Beide Länder sind seit
Jahrzehnten mit unterschiedlichsten Aufstandsbewegungen konfrontiert. Wie die
jeweiligen Eliten, die Parteien, die Regierungen und deren Sicherheitsapparate
auf politische Gewalt und Terror reagieren, sagt viel über das Selbstverständnis
des jeweiligen Regimes aus. So erkennen viele Kritiker in Pakistan einen von
amerikanischer Finanz- und Militärhilfe abhängigen Kunststaat, der sich zwar
erhalten, aber bis heute nicht konsolidiert hat. Schlimmer noch, viele zählen
Pakistan schon zu den failed states, dessen Zusammenbruch zwar nicht unmittelbar
bevorsteht, aber in Zukunft nicht mehr gänzlich ausgeschlossen werden kann.
Dabei sah es vor allzu
langer Zeit gar nicht so schlecht aus. Die Partei der ermordeten früheren
Premierministerin Benazir Bhutto, die Pakistan Peoples
Party (PPP), hatte 2008 einen klaren Wahlsieg errungen. Bhuttos Wittwer, Asif A. Zardari, wurde zum Präsidenten
und an die Spitze seiner Partei, der Pakistan Peoples
Party (PPP) gewählt.
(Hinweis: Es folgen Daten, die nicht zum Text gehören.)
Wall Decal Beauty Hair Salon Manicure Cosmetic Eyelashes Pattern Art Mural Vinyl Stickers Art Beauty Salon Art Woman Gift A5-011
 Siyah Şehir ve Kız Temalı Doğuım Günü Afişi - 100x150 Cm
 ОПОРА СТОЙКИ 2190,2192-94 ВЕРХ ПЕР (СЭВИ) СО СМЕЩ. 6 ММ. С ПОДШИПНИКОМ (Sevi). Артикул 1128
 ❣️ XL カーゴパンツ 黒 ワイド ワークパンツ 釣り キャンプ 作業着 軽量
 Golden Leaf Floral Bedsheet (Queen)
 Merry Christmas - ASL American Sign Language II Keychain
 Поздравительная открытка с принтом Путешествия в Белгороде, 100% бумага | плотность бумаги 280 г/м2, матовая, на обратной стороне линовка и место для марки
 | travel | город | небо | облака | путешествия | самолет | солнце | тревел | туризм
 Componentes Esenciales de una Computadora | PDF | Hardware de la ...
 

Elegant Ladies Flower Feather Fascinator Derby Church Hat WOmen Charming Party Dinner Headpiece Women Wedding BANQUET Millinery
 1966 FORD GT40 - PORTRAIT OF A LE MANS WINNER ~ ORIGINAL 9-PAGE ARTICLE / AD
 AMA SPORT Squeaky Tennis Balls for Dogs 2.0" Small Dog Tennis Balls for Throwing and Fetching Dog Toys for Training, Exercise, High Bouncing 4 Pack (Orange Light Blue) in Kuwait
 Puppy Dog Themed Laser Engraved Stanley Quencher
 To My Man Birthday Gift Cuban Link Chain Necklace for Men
Problematisch ist allerdings, dass die PPP seither mit der
von Nawaz Sharif geführten Pakistan Muslim League
(PML-N) koalieren muss, obwohl die beiden Parteien, bis auf die Abneigung gegen
den ehemaligen Präsidenten und damaligen Armeechef Musharraf,
nichts verbindet.
Damals hatte die
Öffentlichkeit die Bildung einer parlamentarisch breit abgestützten Regierung
begrüßt. Aber schnell zeigt sich, dass die beiden großen pakistanischen Parteien
noch nie gemeinsam regiert hatten und keine von beiden die enormen sicherheitspolitischen
Herausforderungen zu lösen imstande ist. Stattdessen behindern anhaltender
Terror und rohe politische Gewalt den Demokratisierungsprozess und schwächen
die Staatsgewalt. Unter diesen Bedingungen können bestehende gesellschaftliche
Konflikte nicht eingedämmt und gewaltbereite Gruppen nicht angemessen bekämpft
werden.
Im Gegensatz zu Pakistan,
bei dem es sich nur der Verfassung nach um eine »demokratisch-parlamentarische«
Republik handelt, hat Indien von Anbeginn an den Prinzipien des Säkularismus und Föderalismus festgehalten und 1947 eine
auf der »Einheit in der Vielfalt« gegründete Demokratie errichtet. Pakistans
»islamische Republik« hingegen hat seit der Unabhängigkeit bis dato drei
Abschnitte gescheiterter Demokratisierung (1947–1958; 1971–1977; 1988–1999) und
Militärherrschaft (1958–1971; 1977–1988; 1999–2008) durchlaufen. Art und
Charakter der »Nationalidentität« Pakistans sorgen bis heute dafür, dass islamistische Tendenzen allgegenwärtig sind und dem Aufbau
säkularer und föderaler Strukturen kein Erfolg beschieden ist.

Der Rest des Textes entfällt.